- Exercise instructions
What are the lines from the one with "Imagen de los" through the end of the records below, written out exactly and without the pictures?

- Record set
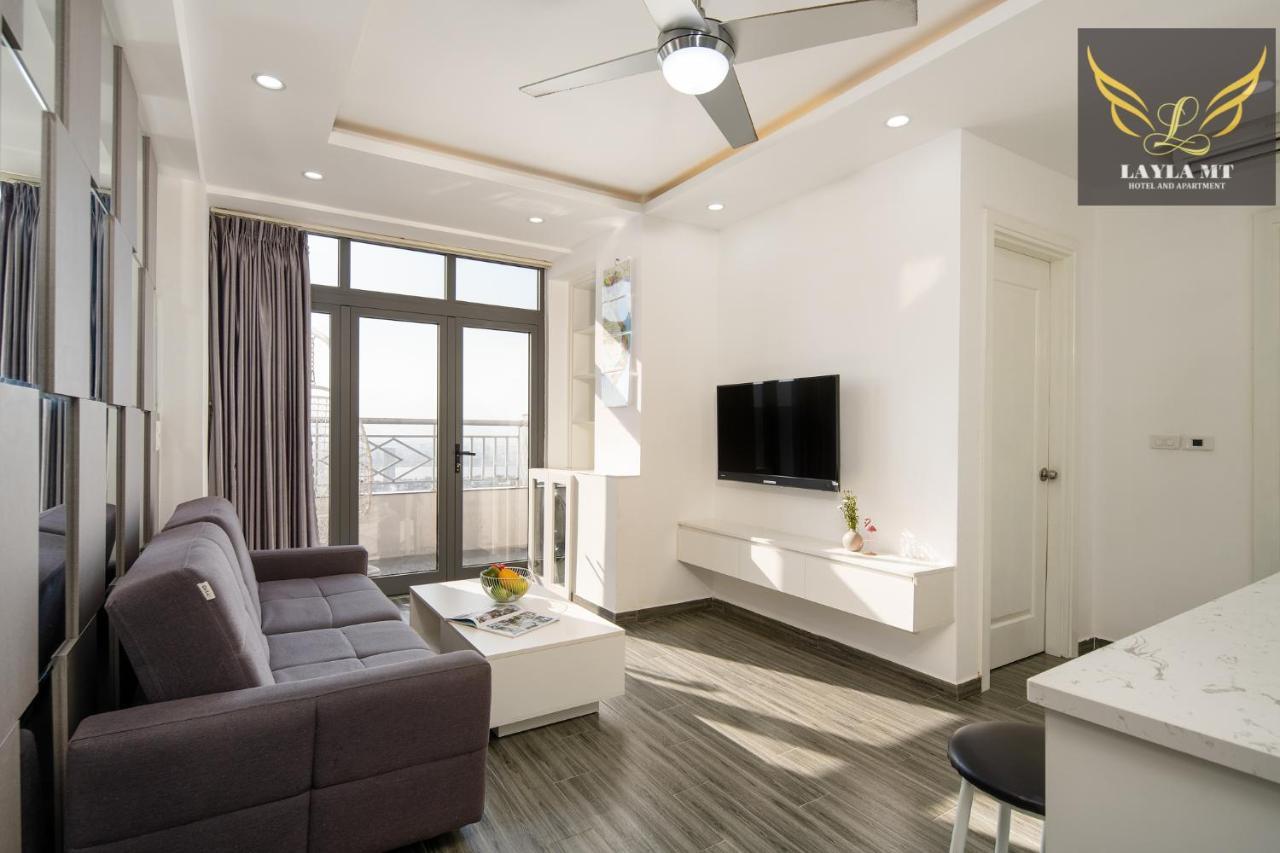 Apartment Muong Thanh Seaview *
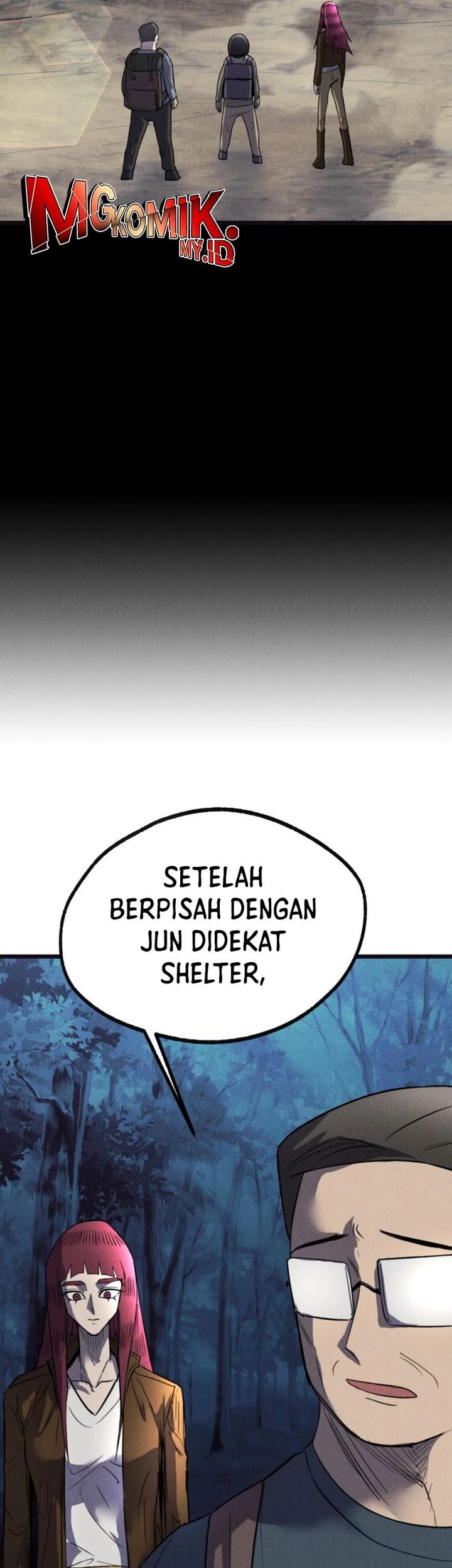 Insector Chapter 66 - halaman 22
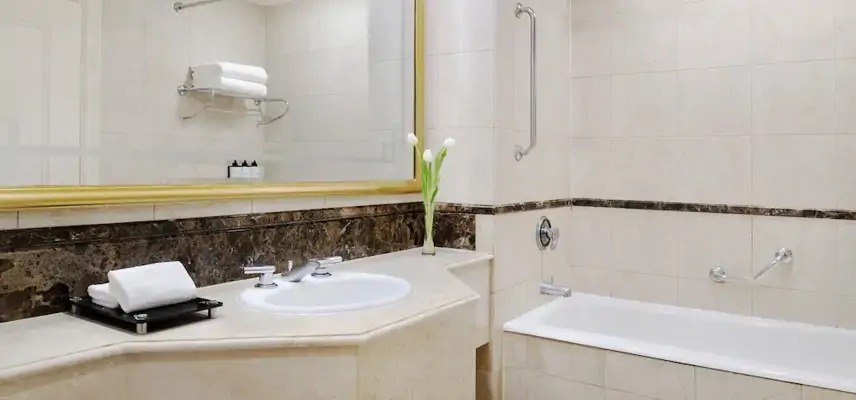 InterContinental Dar Al Hijra Madinah, an IHG Hotel image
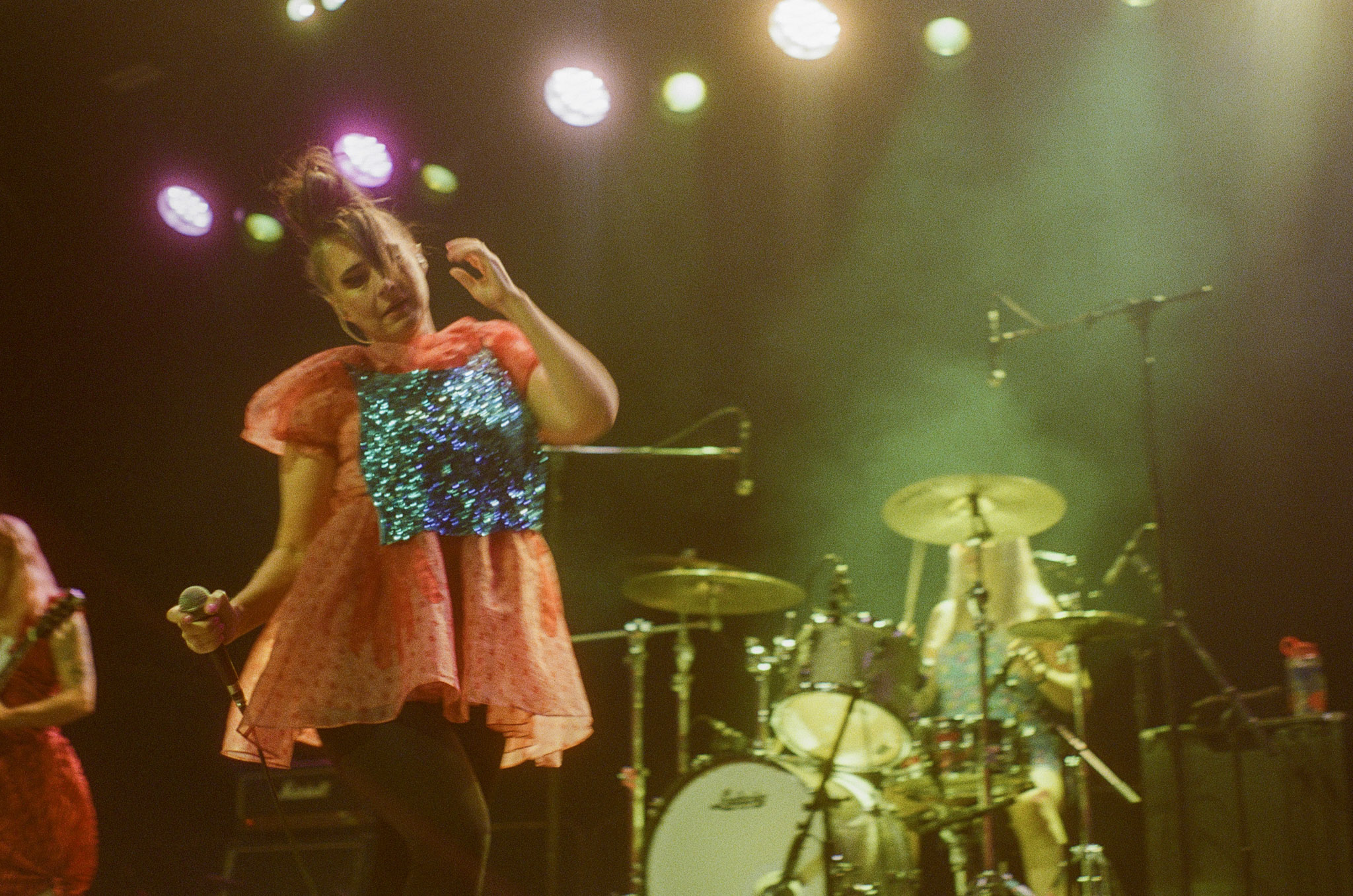 The World Needs Bikini Kill’s Feminism Now More Than Ever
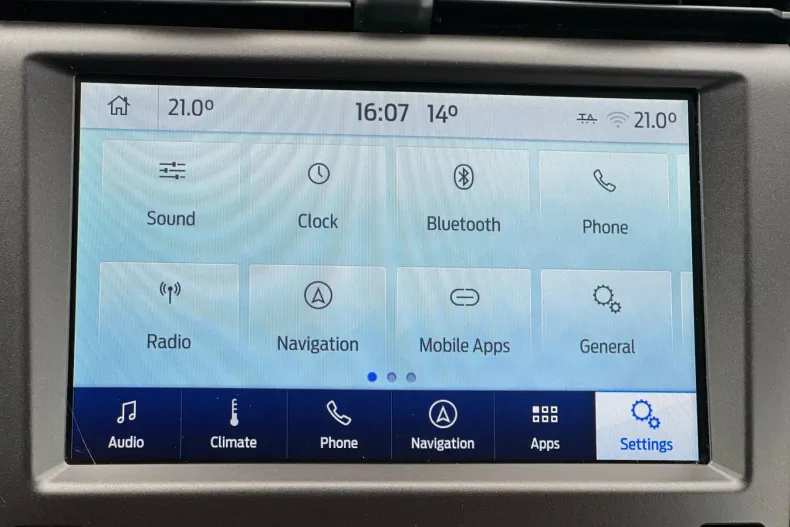 Ford Mondeo din 2019 cu 139.000 km - oferta FOR104689 - foto 26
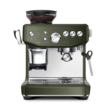 Breville Barista Express Impress Espresso Machine BES876OLT, Olive Tapenade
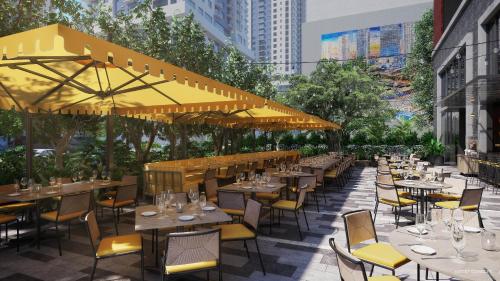 Imagen de los exteriores del Hotel Gale Miami and Residences. Foto 13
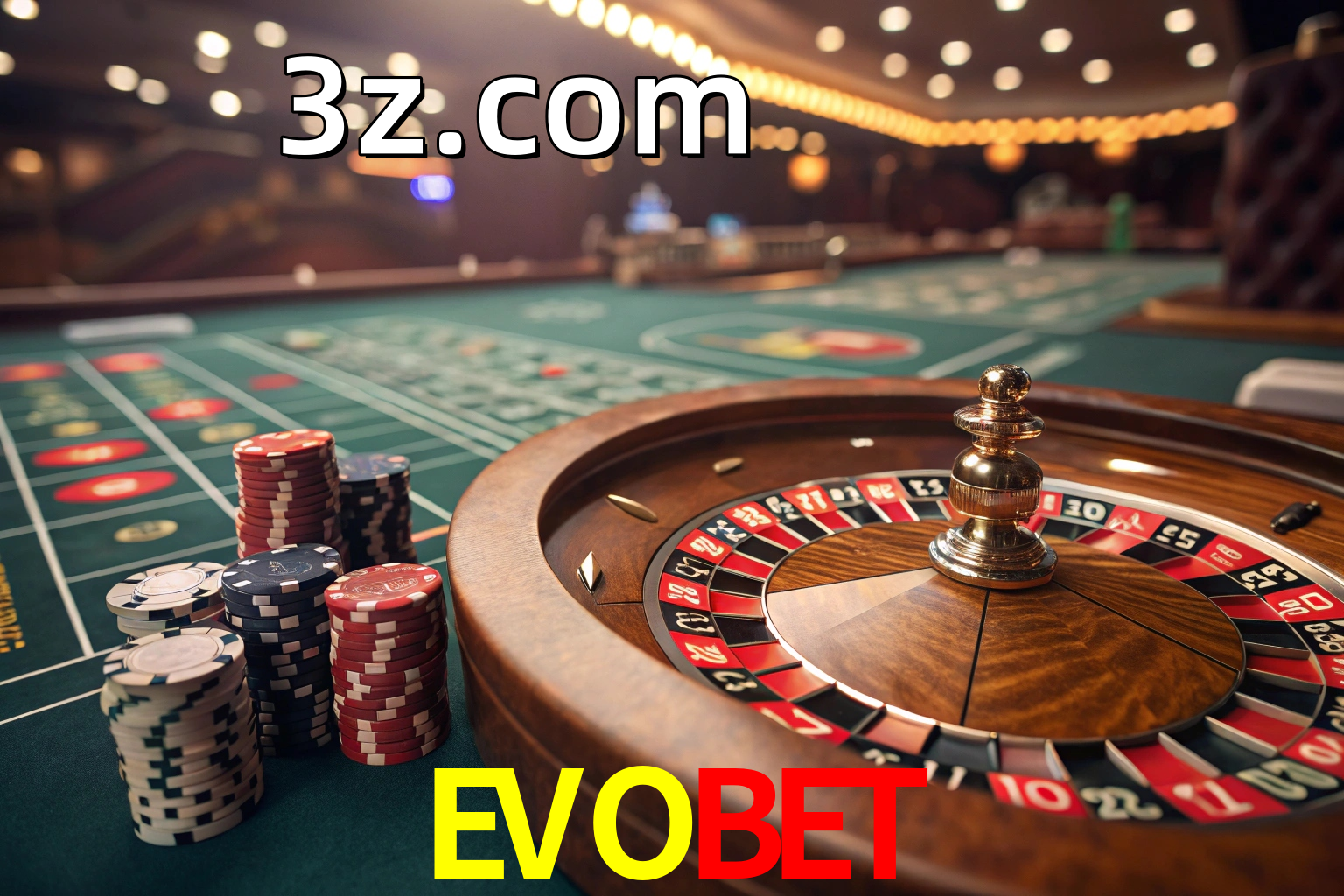 cassino online EVOBET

- Solution for this exercise
 Imagen de los exteriores del Hotel Gale Miami and Residences. Foto 13
 cassino online EVOBET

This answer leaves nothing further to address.